The White House in a statement said: “President Trump is committed to preserving records from his historic Administration and he will maintain a rigorous records retention program."
Chioma Chukwu, executive director of American Oversight, said in a statement that the Justice Department is "pushing a sweeping view of presidential power that would hand control of those records to the White House — a position the Supreme Court has already rejected."
The Presidential Records Act of 1978 sets out rules for the management and custody of presidential records, including when a president may dispose of certain records. Presidential records are provided to the National Archives and Records Administration after each presidential administration ends.
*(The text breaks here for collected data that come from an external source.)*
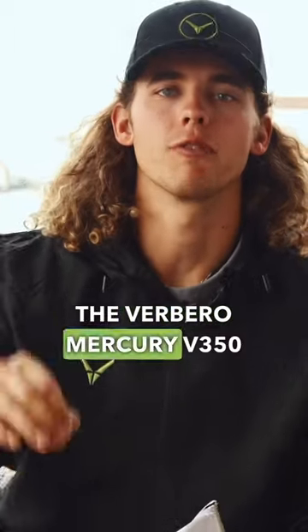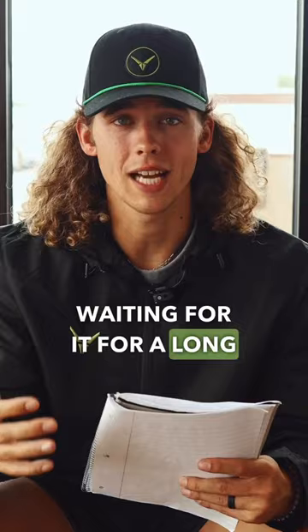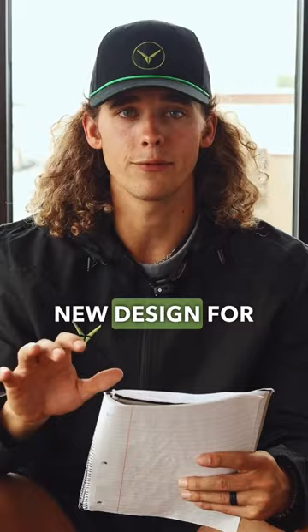The Verbero Mercury V350 is going to be back in stock. That's right, you've been waiting for it for a long time, but we are no longer going with the sleek block ops look. We now have a completely new design for the Verbero Mercury V350s, and it's going to be a staple. Check them out right here.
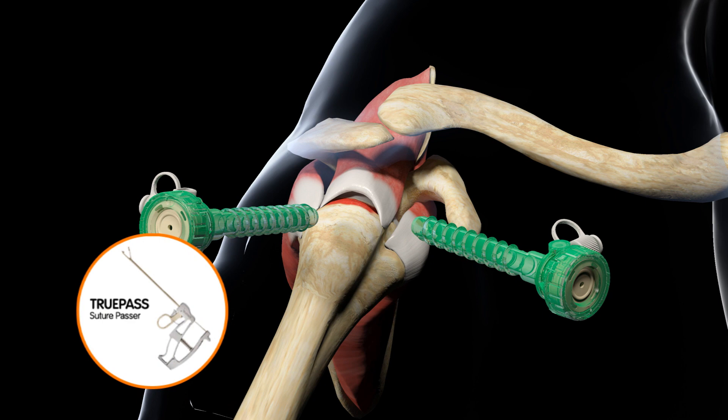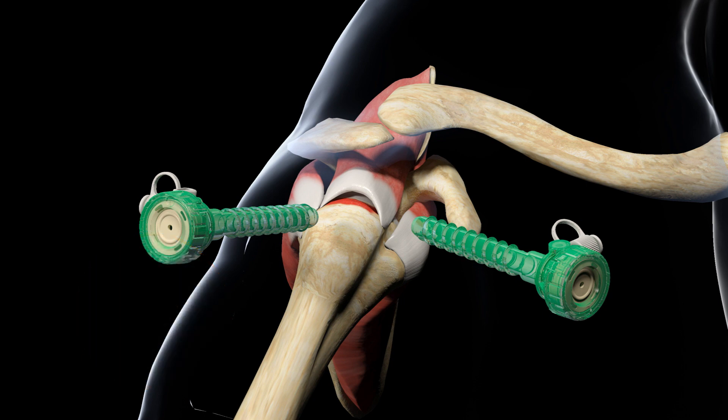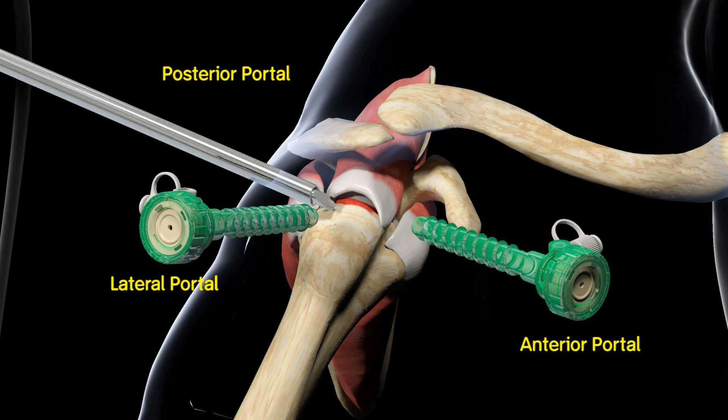The TruePass self-capture suture passer simultaneously passes and retrieves suture and Ultra Tape. This technique is achieved using the following portals: anterior, lateral, and posterior. Visualization during the repair is accomplished through the posterior viewing portal, while a superior lateral portal is used for placing the medial anchors.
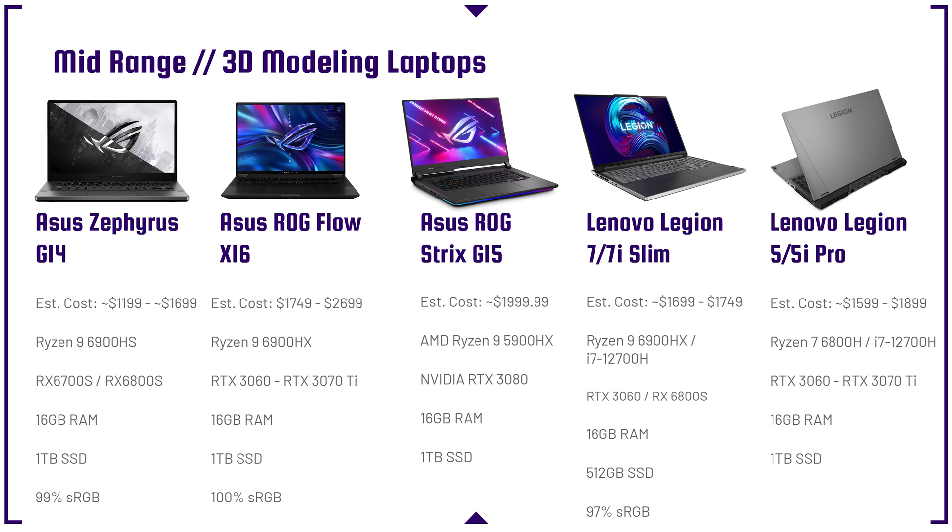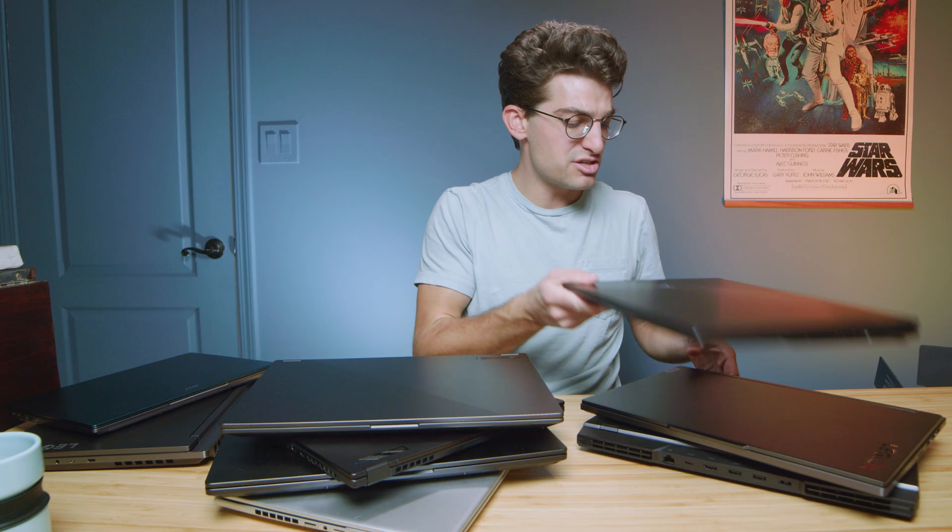The ROG Strix G15 from two years ago is worth looking at — at $1,999 you can get a Ryzen 9 5900HX and an RTX 3080 with 16 gigs of RAM and a 1TB SSD. As long as you're not using SOLIDWORKS, this laptop is priced bonkers. There is so much performance in that laptop — it's a killer system and definitely a recommendation.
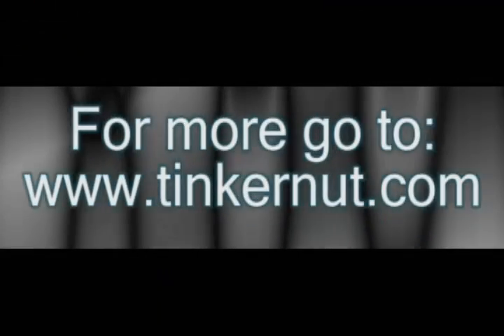You can also use toothpaste to buff this up even more afterwards. And if you have any more ideas that you know work, please share those below. Alright, that's it for this tutorial. For more, go to tinkernut.com.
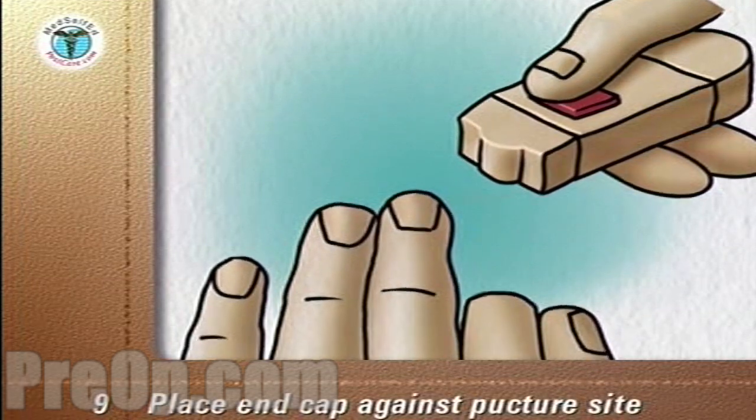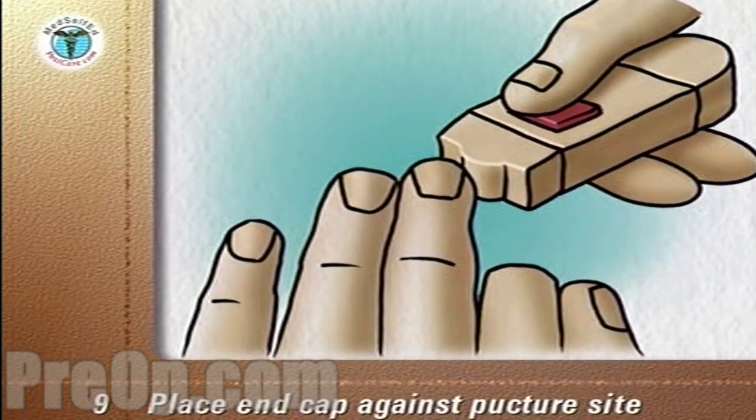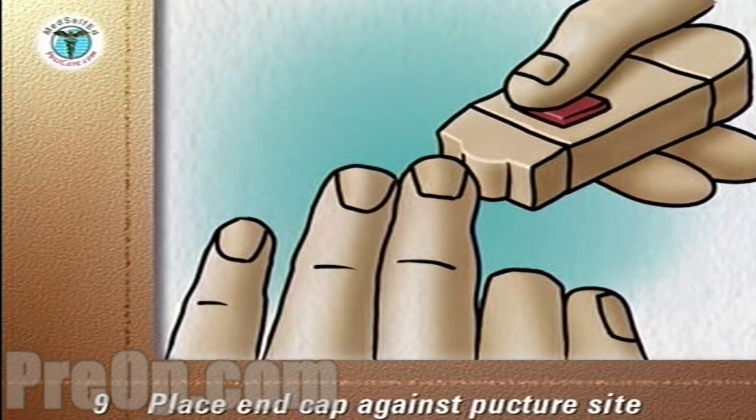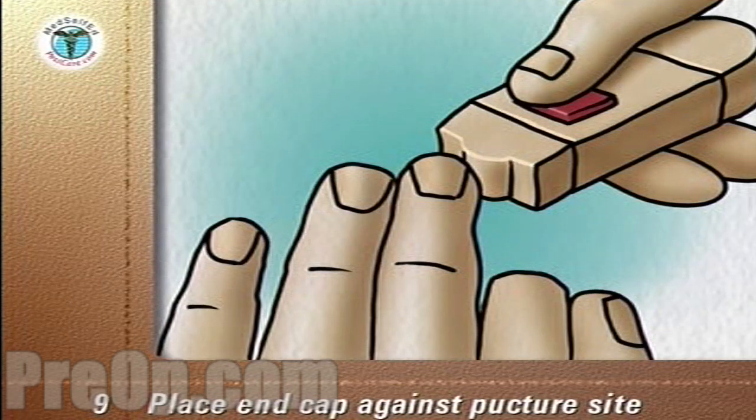Place the end cap firmly against the chosen puncture site on the side of the fingertip. The more pressure you use, the deeper the puncture. Push the lancet release button without moving your finger or the device.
The Justice Department’s Office of Legal Counsel in an April 1 memo said the law intrudes on the "independence and autonomy” of the executive, and the president can disregard it as unconstitutional.
The memo, signed by T. Elliot Gaiser, the Trump-appointed head of the legal counsel office, said the records law “exceeds any preservation power because Congress cannot preserve presidential records merely for the sake of posterity.”
The American Historical Association and American Oversight argue that the memo contradicts a 1977 U.S. Supreme Court decision that upheld a prior presidential records preservation law, and that the executive branch doesn’t have authority to nullify the opinion.
The lawsuit said no presidential administration of either political party, including the first Trump administration, had questioned the record law’s constitutionality since it was enacted.
The case is American Historical Association et al v. Donald Trump et al, U.S. District Court for the District of Columbia, No. 1:26-cv-01169.